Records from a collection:
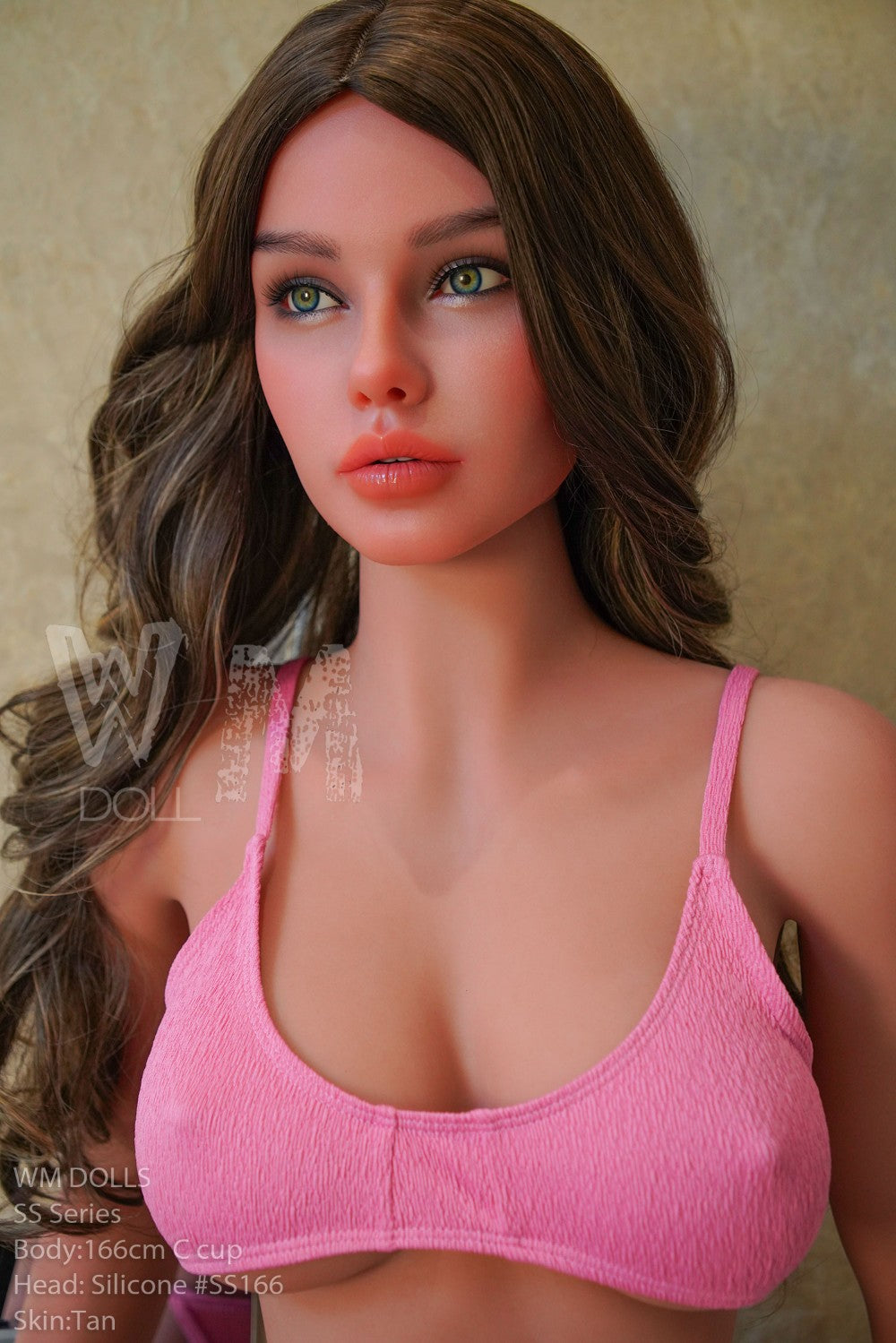 Alexa seksa lelle (WM-Doll 166 cm C-Cus #SS166 TPE+Silikona)
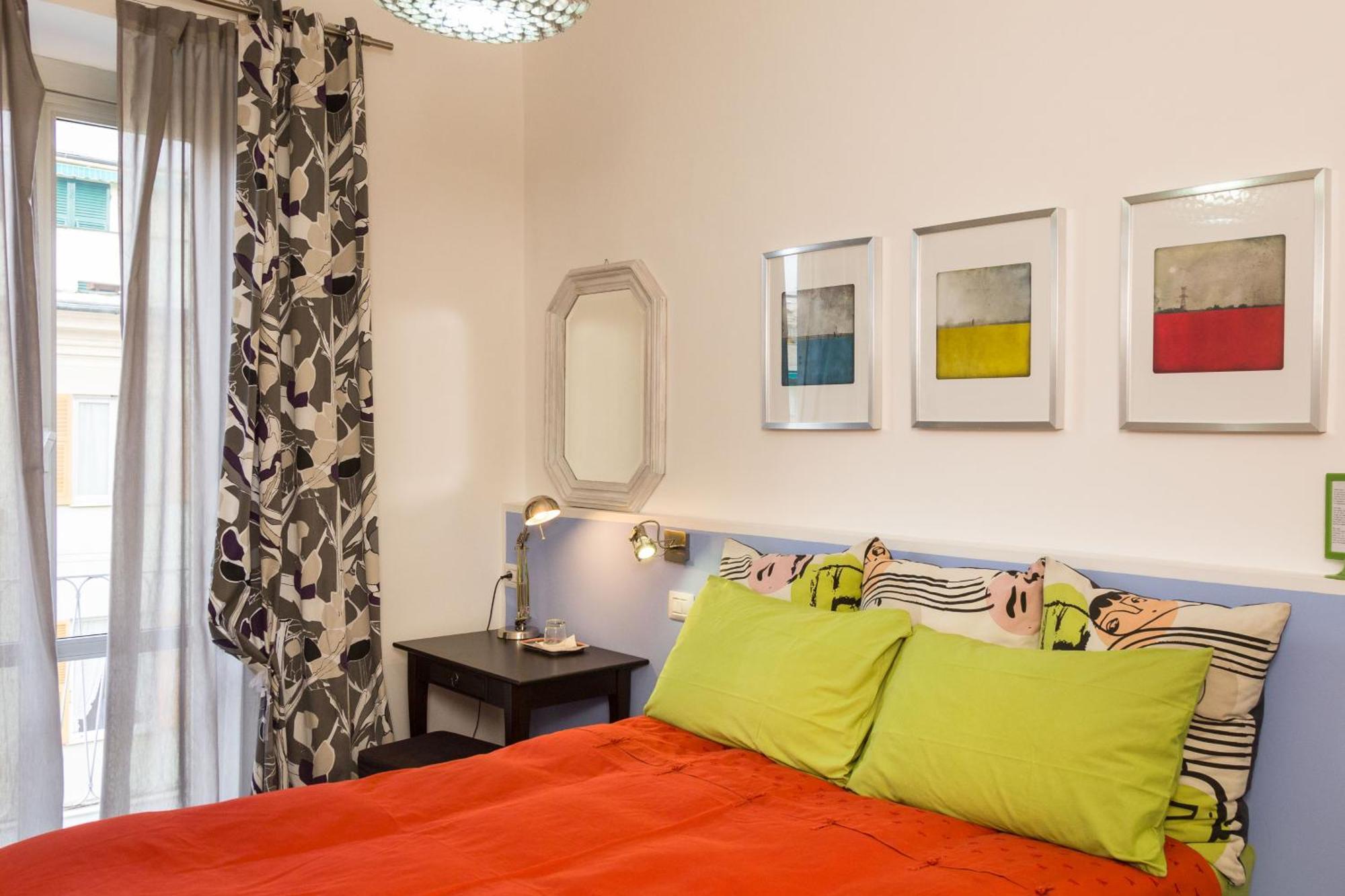 Girovagando B&B Genoa Ruang foto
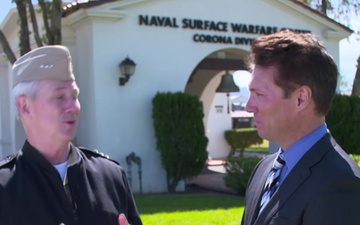 Naval Surface Warfare Center Corona: NAVSEA Commander visits Corona.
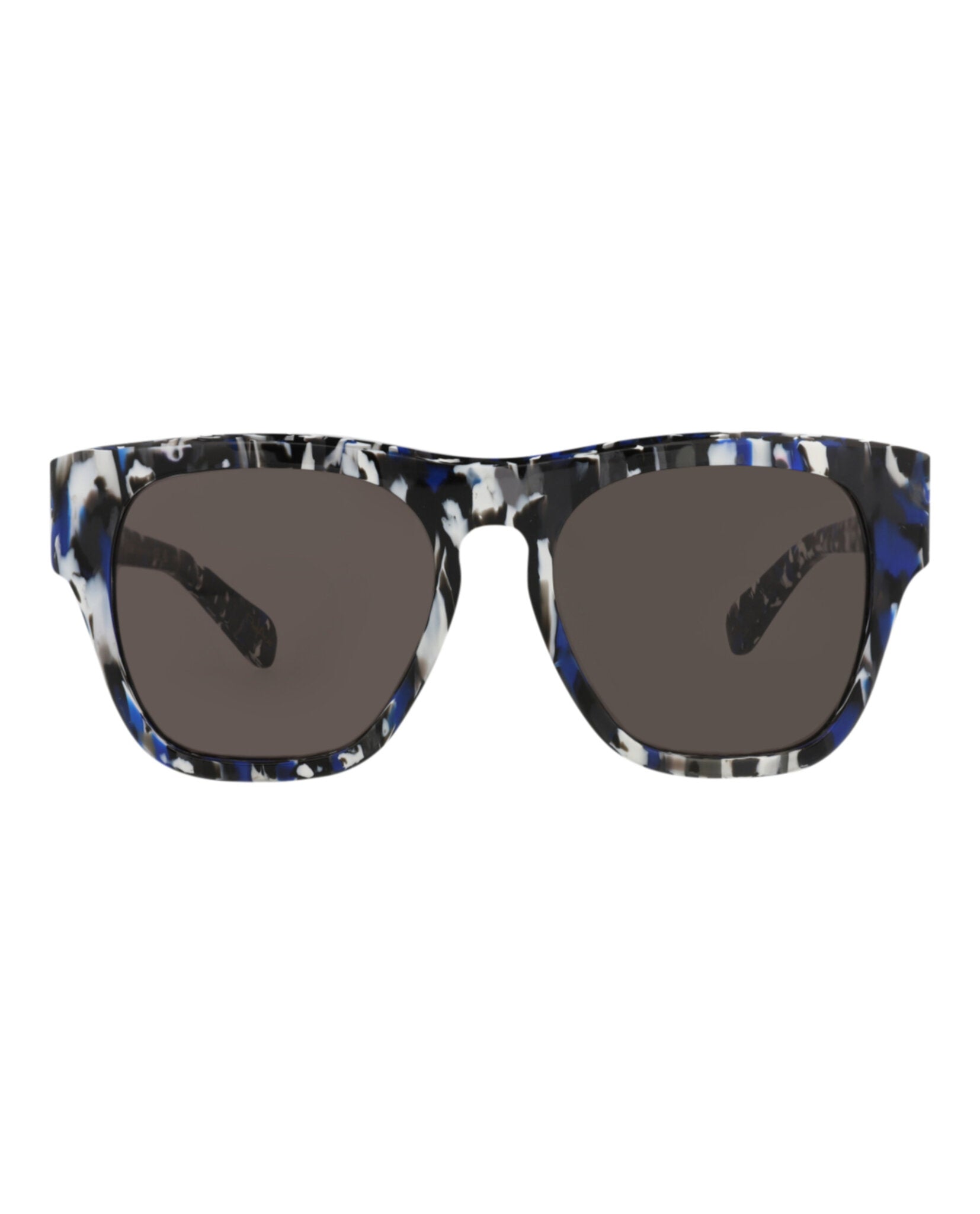 Square-Frame Recycled Acetate Sunglasses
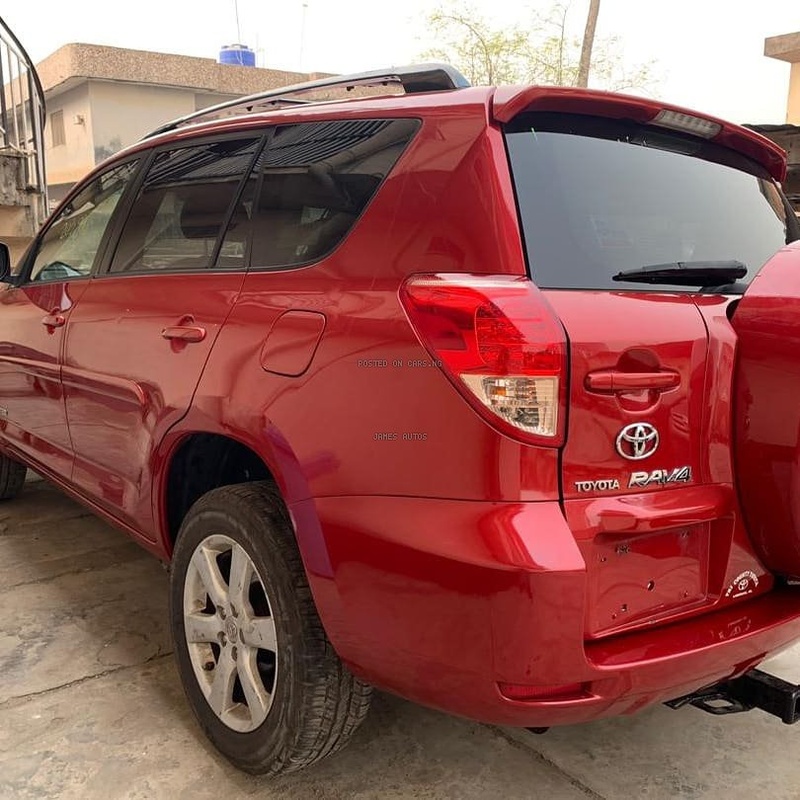 Toyota Rav4 2008 For Sale in Cross River image
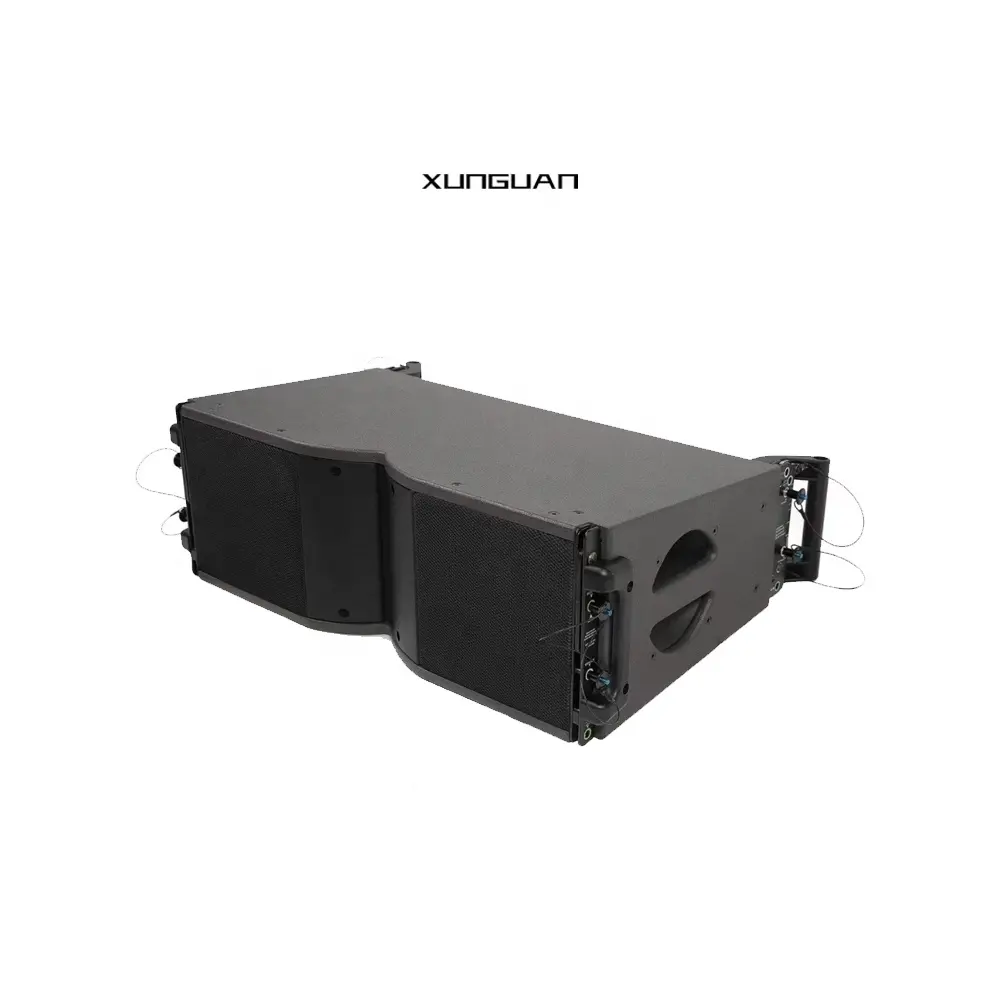 Acoustic KA208 High Quality Dual 8 Inch Line Array Speaker For Church Sound System Equipment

Work task: Return only the lines that start at the line containing "Naval Surface Warfare" and finish at the last line of the entries, exactly as written and without pictures.

Completed exercise:
 Naval Surface Warfare Center Corona: NAVSEA Commander visits Corona.
 Square-Frame Recycled Acetate Sunglasses
 Toyota Rav4 2008 For Sale in Cross River image
 Acoustic KA208 High Quality Dual 8 Inch Line Array Speaker For Church Sound System Equipment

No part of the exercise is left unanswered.